-------- Source information

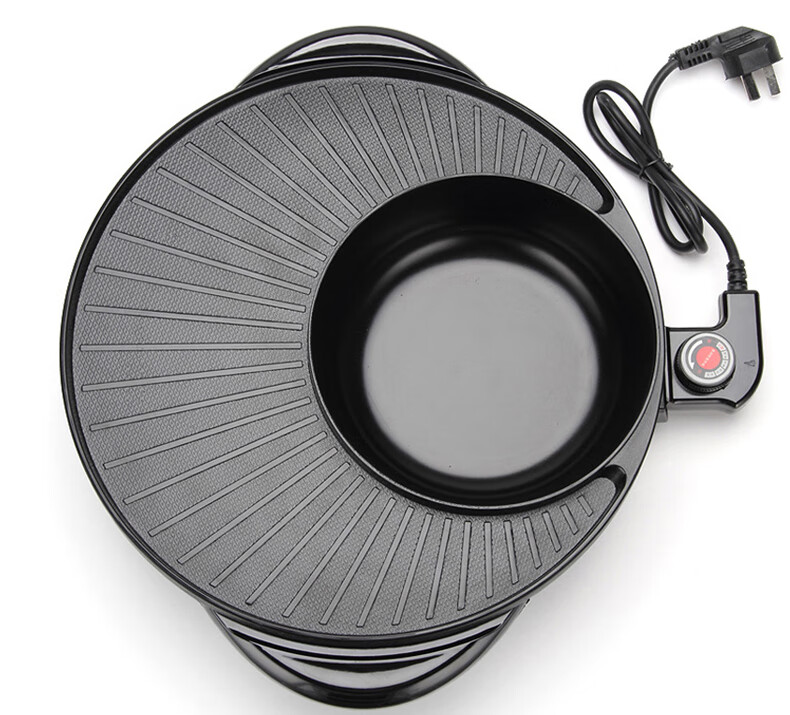 康佳(konka)涮烤一体锅家用电烧烤盘韩式多功能电热锅烤涮锅煎烤盘电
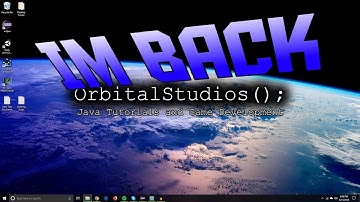 Im Back For More Java Game Develeopment and Java Programming Tutorials!! OrbitalStudios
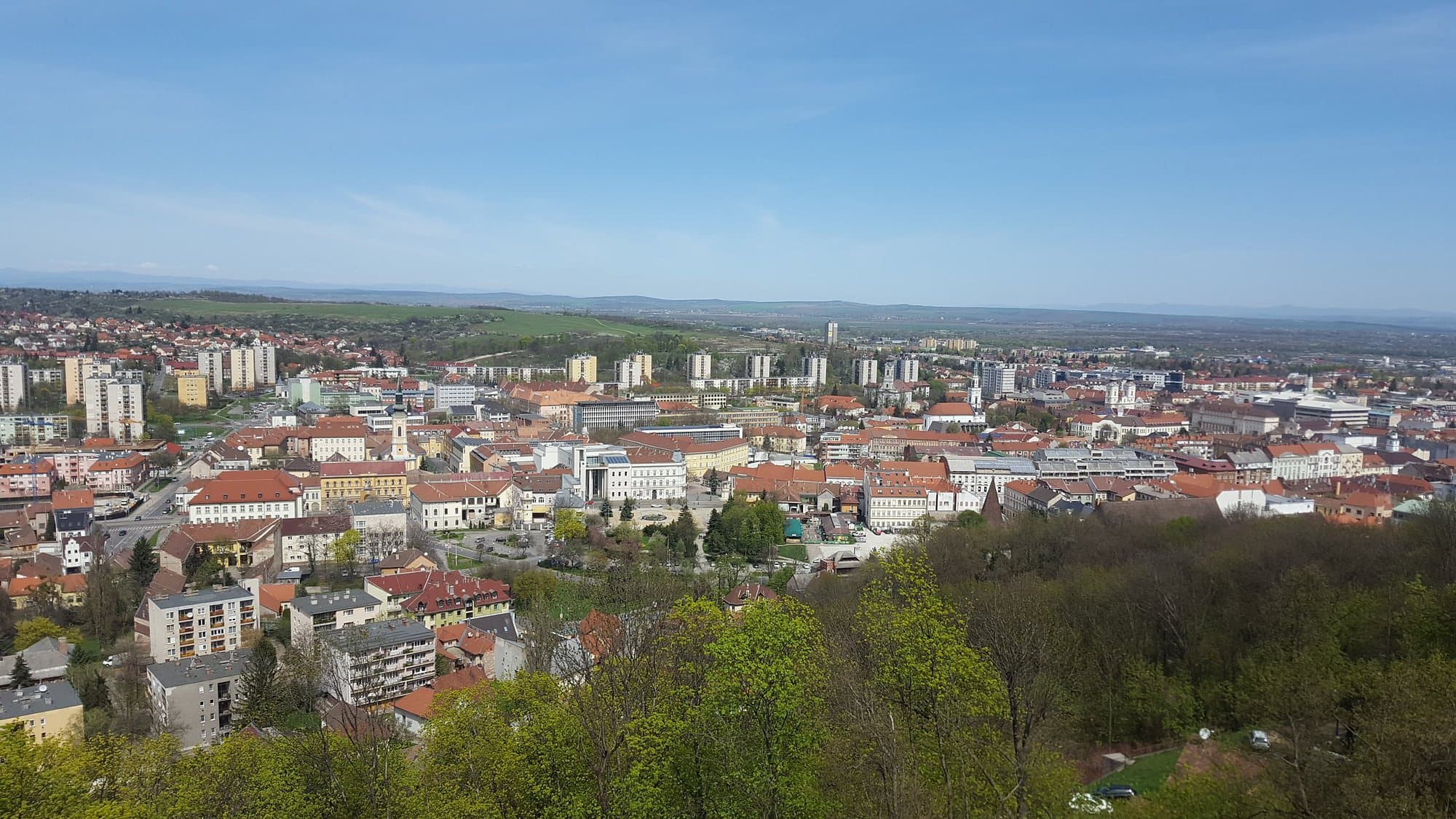 View from Avasi Kilátó looking over Miskolc
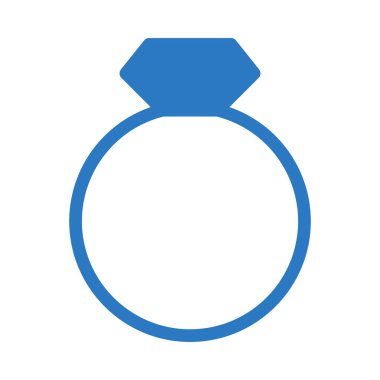 Yüzük glif renk simgesi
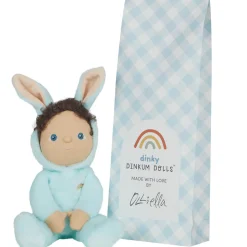 Basil Bunny Dinky Dinkum Fluffle Family Doll in Misty Blue by Olli Ella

----------------

**Problem statement:** Go through the records and repeat each one exactly, skipping anything that is a picture.

**Answer below:**
 康佳(konka)涮烤一体锅家用电烧烤盘韩式多功能电热锅烤涮锅煎烤盘电
 Im Back For More Java Game Develeopment and Java Programming Tutorials!! OrbitalStudios
 View from Avasi Kilátó looking over Miskolc
 Yüzük glif renk simgesi
 Basil Bunny Dinky Dinkum Fluffle Family Doll in Misty Blue by Olli Ella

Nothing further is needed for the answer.